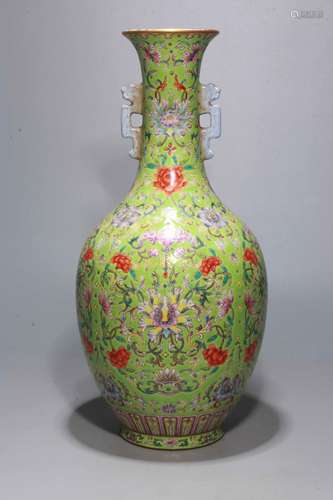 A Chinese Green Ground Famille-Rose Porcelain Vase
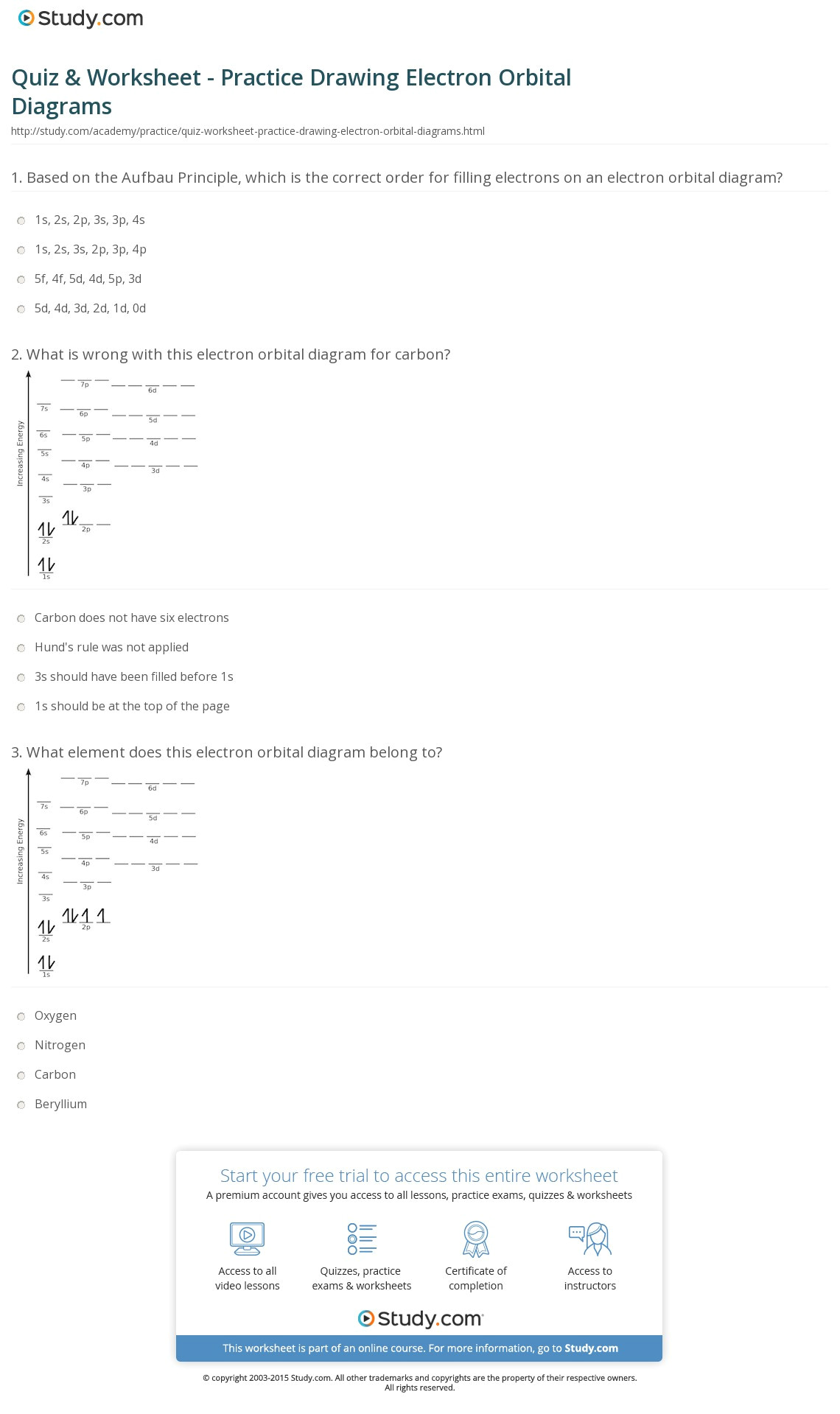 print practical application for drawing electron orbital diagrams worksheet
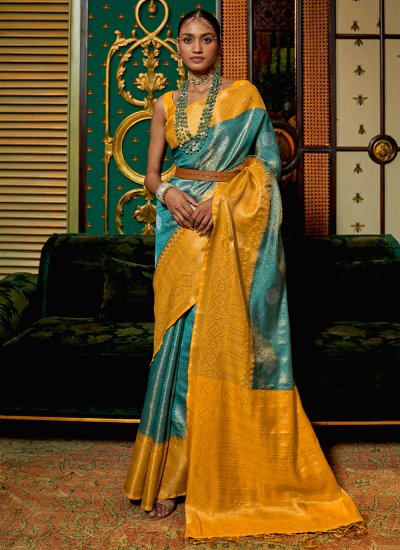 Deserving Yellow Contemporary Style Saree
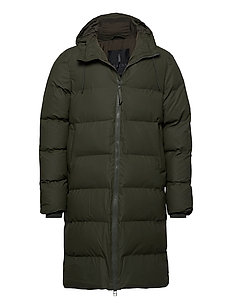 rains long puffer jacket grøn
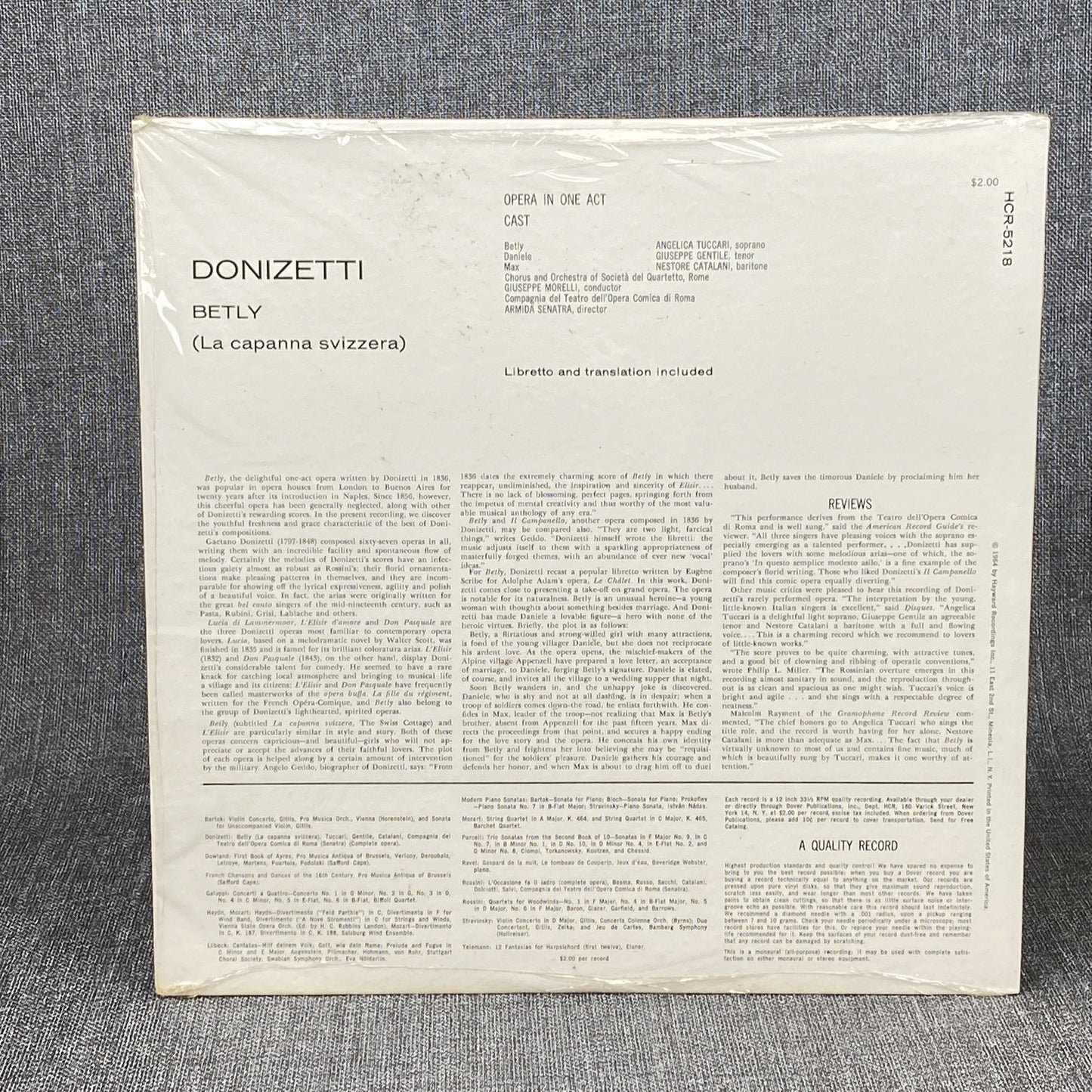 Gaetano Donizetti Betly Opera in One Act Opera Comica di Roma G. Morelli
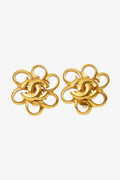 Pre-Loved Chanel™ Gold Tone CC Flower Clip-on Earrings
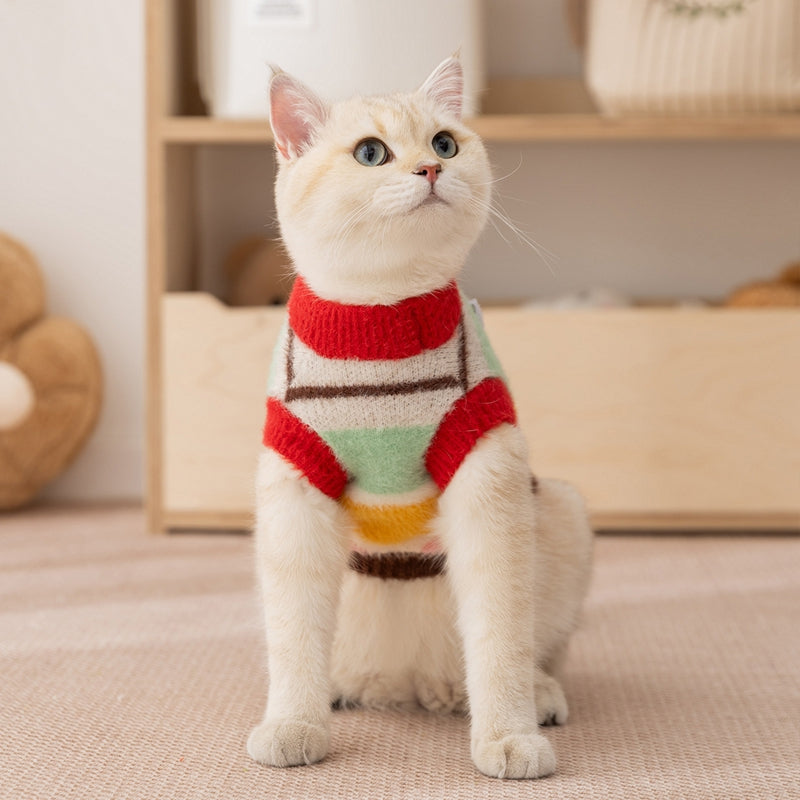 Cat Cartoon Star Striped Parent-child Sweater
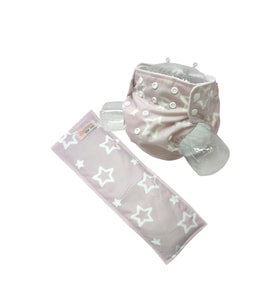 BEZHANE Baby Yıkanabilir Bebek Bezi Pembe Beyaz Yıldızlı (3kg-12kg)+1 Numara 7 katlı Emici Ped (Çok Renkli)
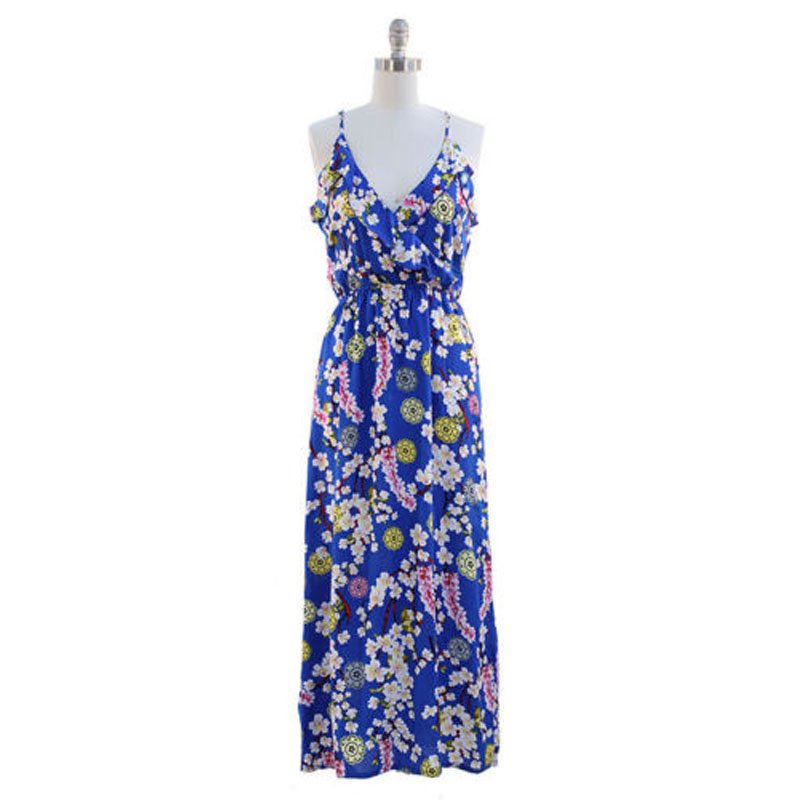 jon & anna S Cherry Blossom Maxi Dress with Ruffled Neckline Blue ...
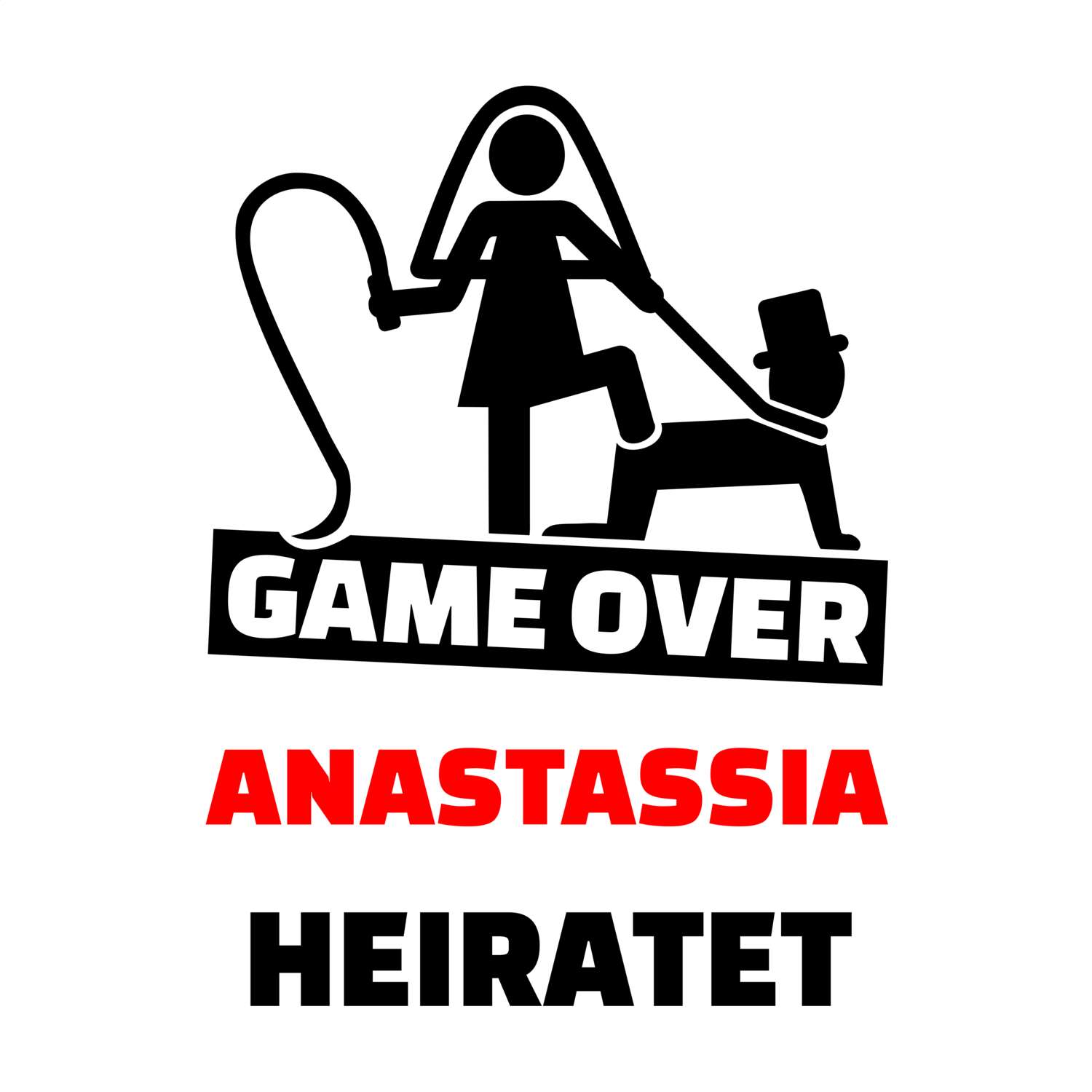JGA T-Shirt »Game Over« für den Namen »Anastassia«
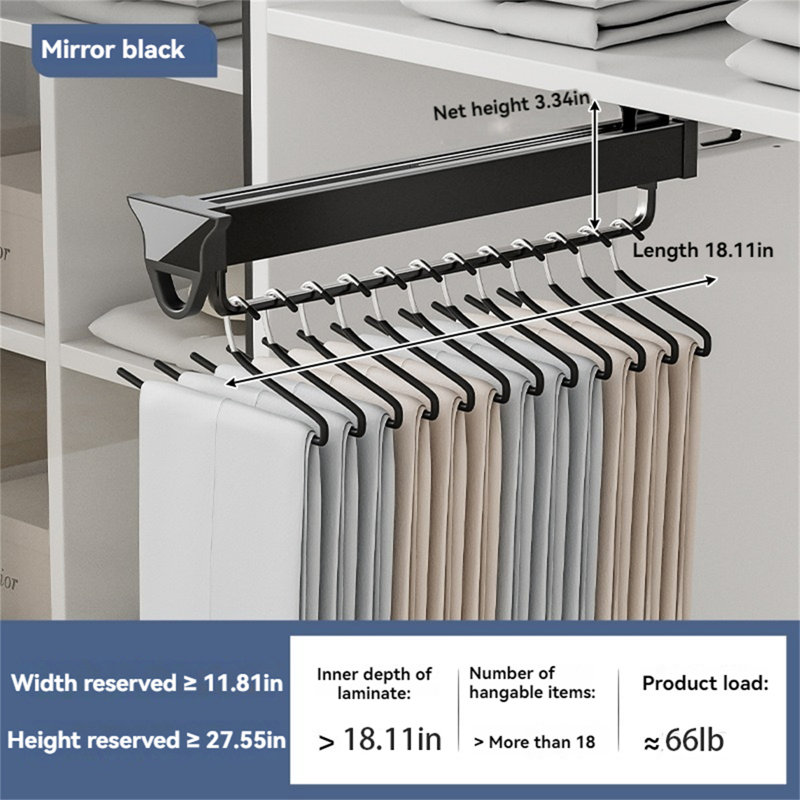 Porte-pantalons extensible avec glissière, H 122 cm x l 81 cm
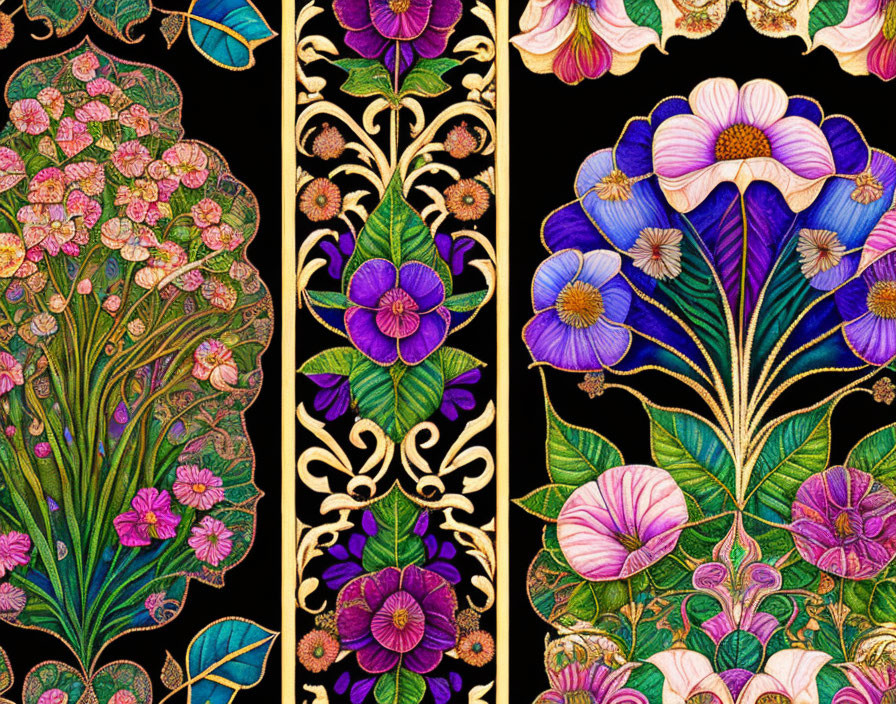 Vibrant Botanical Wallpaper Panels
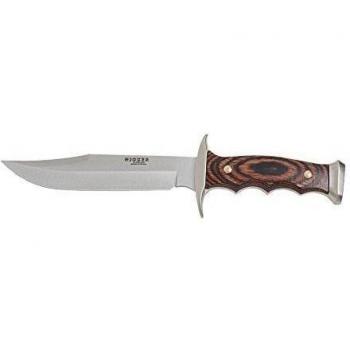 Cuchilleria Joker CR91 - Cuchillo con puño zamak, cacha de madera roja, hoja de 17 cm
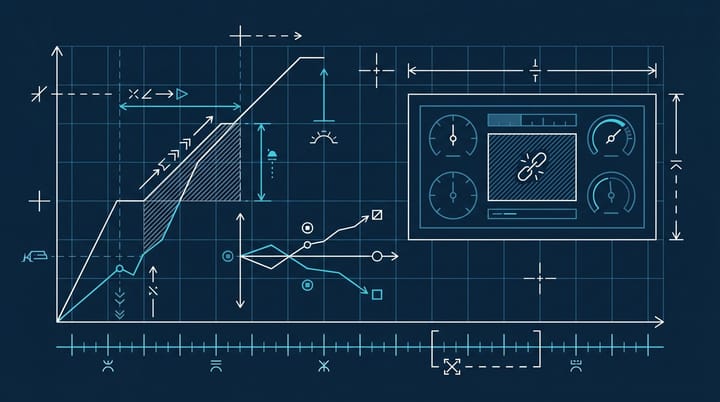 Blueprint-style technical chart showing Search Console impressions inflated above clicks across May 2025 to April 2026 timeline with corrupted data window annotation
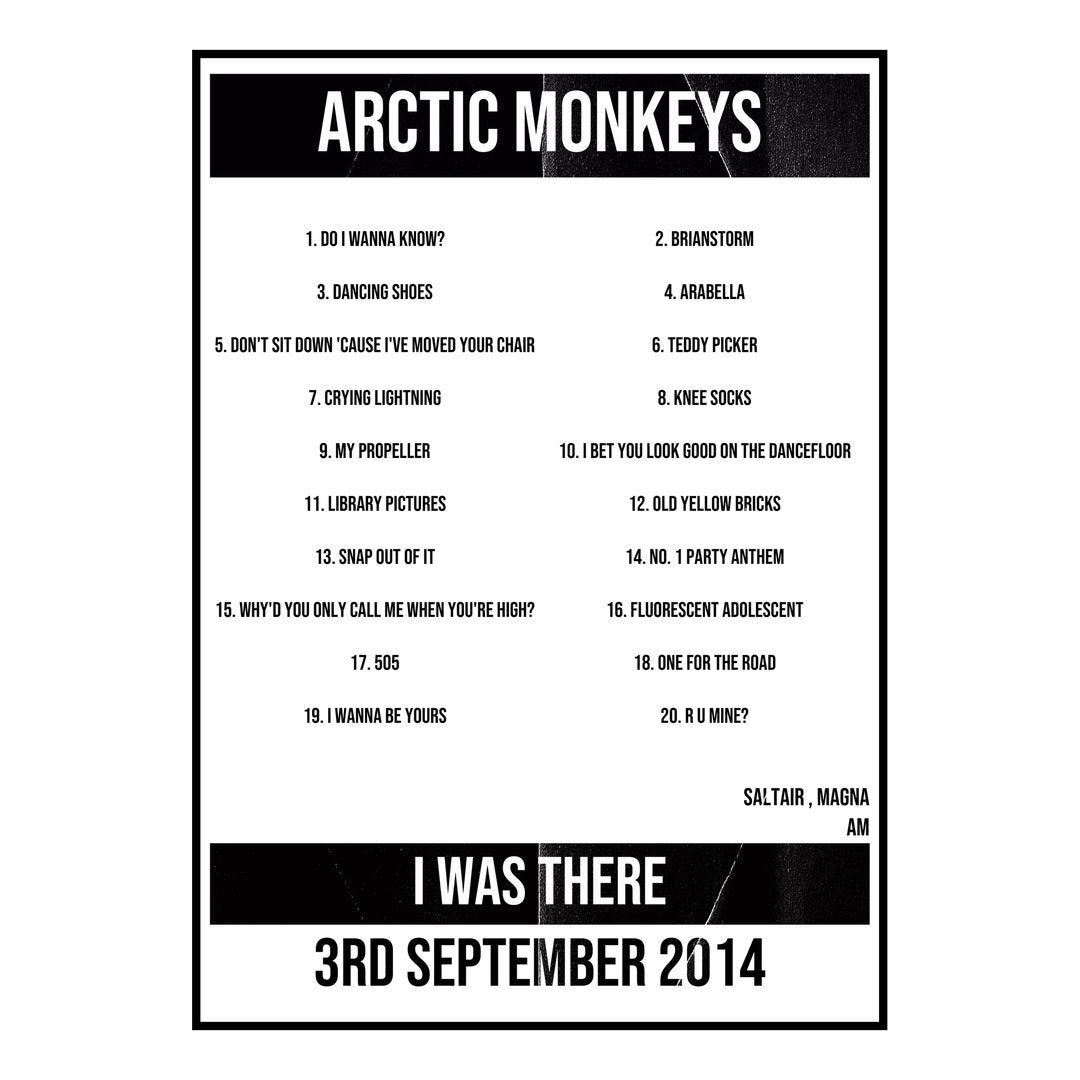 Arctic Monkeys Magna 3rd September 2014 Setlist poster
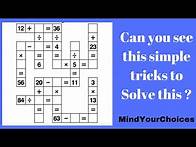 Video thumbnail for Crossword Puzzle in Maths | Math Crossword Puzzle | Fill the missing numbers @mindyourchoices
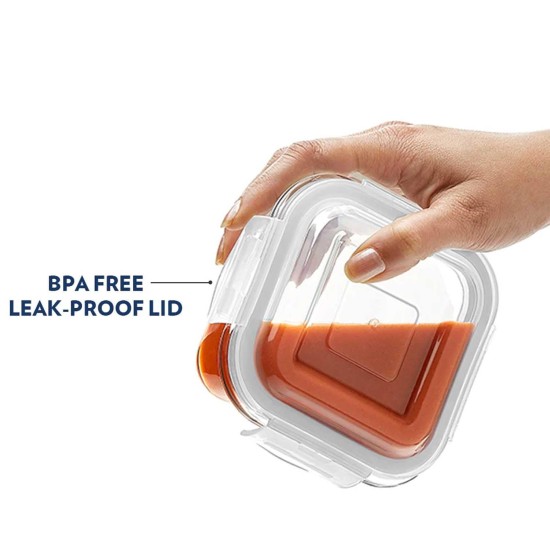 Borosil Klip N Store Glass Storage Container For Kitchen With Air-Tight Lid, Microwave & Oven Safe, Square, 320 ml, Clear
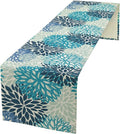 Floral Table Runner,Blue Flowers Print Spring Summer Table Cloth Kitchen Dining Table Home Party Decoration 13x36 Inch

→ **Aim of the task**:
With no pictures included, write out the entries exactly.

→ **Response for this exercise**:
 A Chinese Green Ground Famille-Rose Porcelain Vase
 print practical application for drawing electron orbital diagrams worksheet
 Deserving Yellow Contemporary Style Saree
 rains long puffer jacket grøn
 Gaetano Donizetti Betly Opera in One Act Opera Comica di Roma G. Morelli
 Pre-Loved Chanel™ Gold Tone CC Flower Clip-on Earrings
 Cat Cartoon Star Striped Parent-child Sweater
 BEZHANE Baby Yıkanabilir Bebek Bezi Pembe Beyaz Yıldızlı (3kg-12kg)+1 Numara 7 katlı Emici Ped (Çok Renkli)
 jon & anna S Cherry Blossom Maxi Dress with Ruffled Neckline Blue ...
JGA T-Shirt »Game Over« für den Namen »Anastassia«
 Porte-pantalons extensible avec glissière, H 122 cm x l 81 cm
 Vibrant Botanical Wallpaper Panels
 Cuchilleria Joker CR91 - Cuchillo con puño zamak, cacha de madera roja, hoja de 17 cm
 Blueprint-style technical chart showing Search Console impressions inflated above clicks across May 2025 to April 2026 timeline with corrupted data window annotation
 Arctic Monkeys Magna 3rd September 2014 Setlist poster
 Video thumbnail for Crossword Puzzle in Maths | Math Crossword Puzzle | Fill the missing numbers @mindyourchoices
 Borosil Klip N Store Glass Storage Container For Kitchen With Air-Tight Lid, Microwave & Oven Safe, Square, 320 ml, Clear
 Floral Table Runner,Blue Flowers Print Spring Summer Table Cloth Kitchen Dining Table Home Party Decoration 13x36 Inch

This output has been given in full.